Bibelessay zu Johannes 13,31 - 35

Die Szenerie ist angespannt, eine Ruhe vor dem Sturm. Das letzte Mal sitzt Jesus mit seinen Jüngerinnen und Jüngern zusammen. Es ist der Vorabend des Pascha-Festes, an dem die Juden der Befreiung aus der Sklaverei in Ägypten gedenken und das Passa-Lamm schlachten.

Kurz zuvor hat Judas Iskariot den Raum verlassen, um Jesu Aufenthaltsort an die Soldaten zu verraten. Der gewaltsame Tod am Kreuz steht bevor. Jesus hat ihn angekündigt, ja ihn selbst noch provoziert. Er hat Judas aufgefordert, sofort zu tun, was er tun möchte.

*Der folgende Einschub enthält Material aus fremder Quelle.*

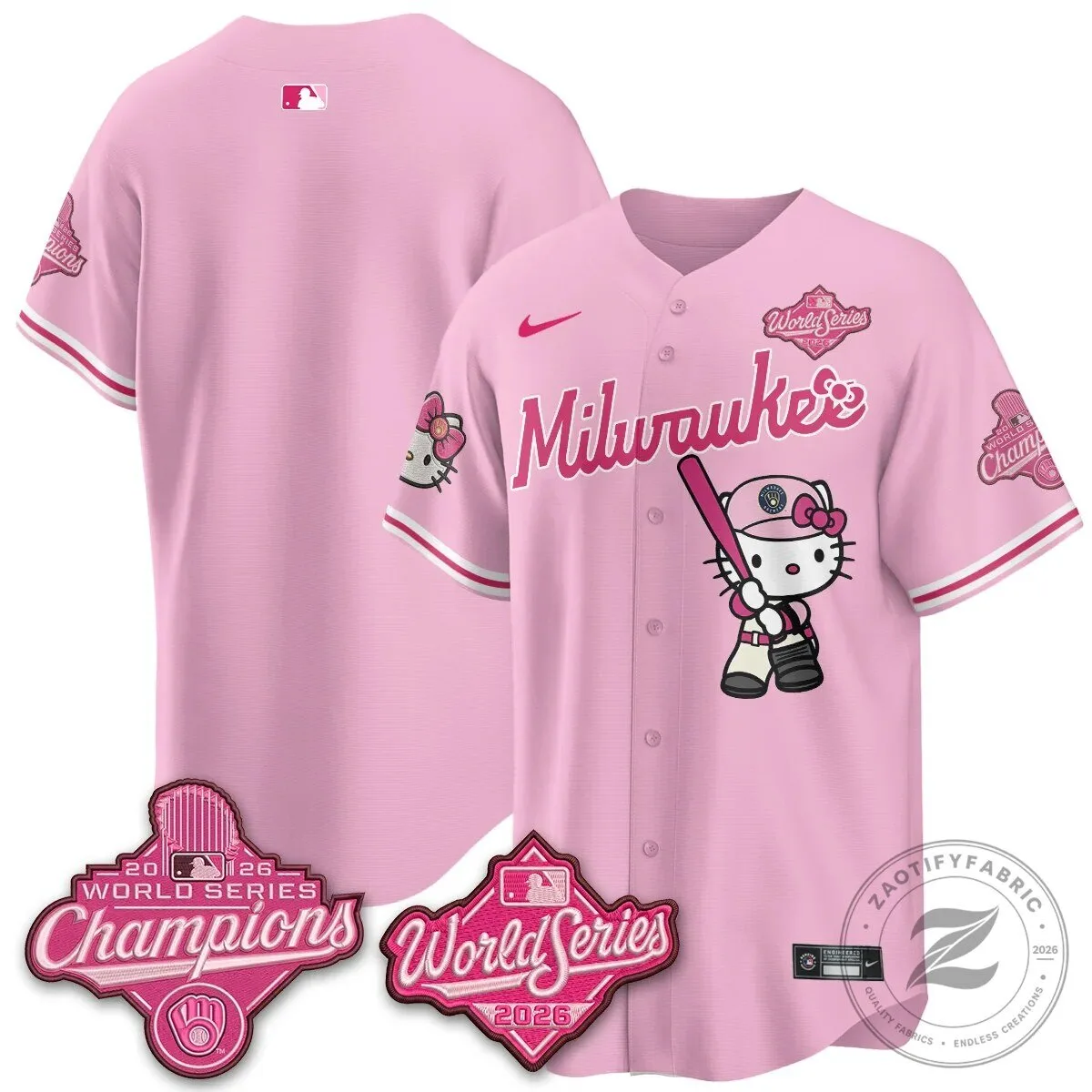 2026 World Series Champions Baseball Jersey in Pink with Hello Kitty for Milwaukee Brewers 94 2026 World Series Champions Baseball Jersey in Pink with Hello Kitty for Milwaukee Brewers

In diesem von drohender Gewalt durchzogenen Setting redet Jesus von Liebe. Er nimmt Abschied mit eine Aufforderung: Liebt einander, so wie ich euch geliebt habe. In der feindlichen Umgebung sollen die Jüngerinnen und Jünger eine Liebesgemeinschaft bilden – ein krasses Gegenbild zu einer Gesellschaft, in der gehasst, vertrieben, totgeschlagen wird. Ein geschützter Raum soll diese Gemeinschaft sein, ein Ofen, der nach innen wärmt und die Kälte, das feindliche Draußen abhält. Immer wieder hat man den Text so verstanden. Eben das sei die christliche Nächstenliebe – sie richte sich an die eigene Gruppe, das eigene Volk, diejenigen, die einem ähnlich und ihrerseits wohlgesonnen sind.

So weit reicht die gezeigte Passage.